Если в «Забытых» (1950 год, приз за лучшую режиссуру в Каннах) он использовал необычную для тех времён уличную съёмку, юных непрофессионалов на фоне вибрирующего города — стилевые приметы итальянского неореализма, нового «революционного» направления, то только чтобы разоблачить миф, набиравший в нём и вместе с ним силу общераспространённого заблуждения: будто бедные люди — добрые и им ведомо сострадание. Бунюэль настолько — и справедливо — считал кино порождением буржуазии, что когда сюжет «Дневной красавицы», созданной по роману Жозефа Кесселя, потребовал ввести двух люмпенов-маргиналов, живущих мимо общественных норм и пускающих в ход оружие, он сопроводил их появление на Елисейских полях выходом мальчугана, продающего New York Herald Tribune, — как это делала Джин Сиберг в момент знакомства с Бельмондо в «На последнем дыхании» (1960 год) Годара, породившем этот тип героя-маргинала и очередное антибуржуазное кинодвижение, «новую волну».

Катрин Денёв в «Дневной красавице» (1967), кадр: The Criterion Collection

Сильвия Пиналь в «Виридиане» (1961), кадр: The Criterion Collection

При всей отстроченности этого перехода, вы никогда не найдёте, наверняка не укажете склейку между явью и сном, фантазиями в этом или каком ином фильме Бунюэля. «Скромное обаяние» с середины просто превращается в матрёшку, где один из персонажей просыпается и всё, что мы видели до этого, оказывается его сном, он встаёт, начинает действовать в реальности. А следом просыпается другой, которому приснились и эти события, и как проснулся тот, предыдущий, и сон, который снился тому перед пробуждением. Так они снятся друг дружке вплоть до финала, когда посол (Фернандо Рей), увидев, как их всех расстреляли, когда они в очередной раз безуспешно пытались рассесться за обеденным столом, просыпается в сильнейшей тревоге и, натыкаясь на стены, устремляется на кухню, открывает холодильник и принимается уплетать всё подряд, тупо глядя в одну точку и постепенно обретая человеческий облик.

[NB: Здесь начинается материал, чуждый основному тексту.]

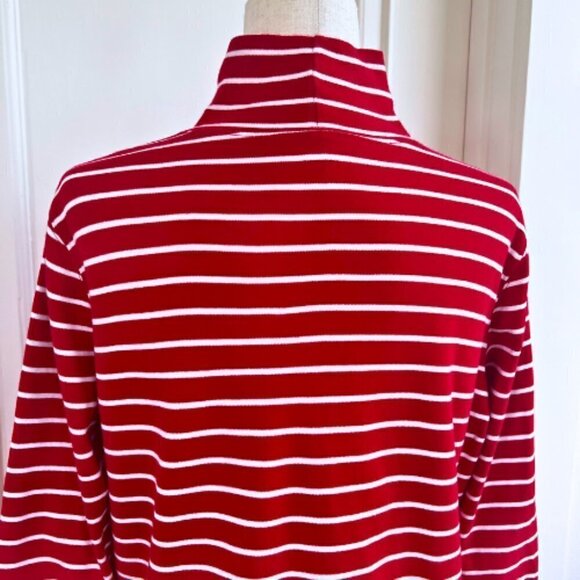 LANDS END Striped Red White Knit Turtleneck Size L - Picture 8 of 15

При этом, на манер «Тысячи и одной ночи» или «Сатирикона», Бунюэль вводит в фильмы ещё и рассказы случайных прохожих о событиях их детства или, опять же, снах. Они же, воплощаясь на экране, увлекают нас своими событиями настолько, что мы успеваем забыть, что это вводная история, сон, а до этого целый час мы смотрели кино вообще не про это и не про этих людей. Так Бунюэль срывает с подлинной реальности, а не мнимой, покров ещё одного, и величайшего, заблуждения: будто в счёт идут только наши поступки, а сны, что мы видели, книги, что прочли, — это так, работа подсознания, которая выключена из течения жизни, ткани реальности. Однако, если вы молоды и метод Бунюэля постигать правду кажется вам игрой, забавой, с возрастом время откроет вам свою привычку редактировать воспоминания. Память за вас сделает окончательный отбор — что было для вас реально, что нет. Порой из вашей хронологии событий окажется выпавшим целый год, о котором вы не будете иметь ни малейшего представления, ни что делали, ни с кем, ни даже где жили. Но какой-нибудь фильм, увиденный вами в том самом году, будет стоять перед глазами, словно это было вчера, — со всеми своими событиями, блюдами, поданными к столу, нарядами спутниц, снами собеседников. Во всяком случае, если это был фильм Бунюэля.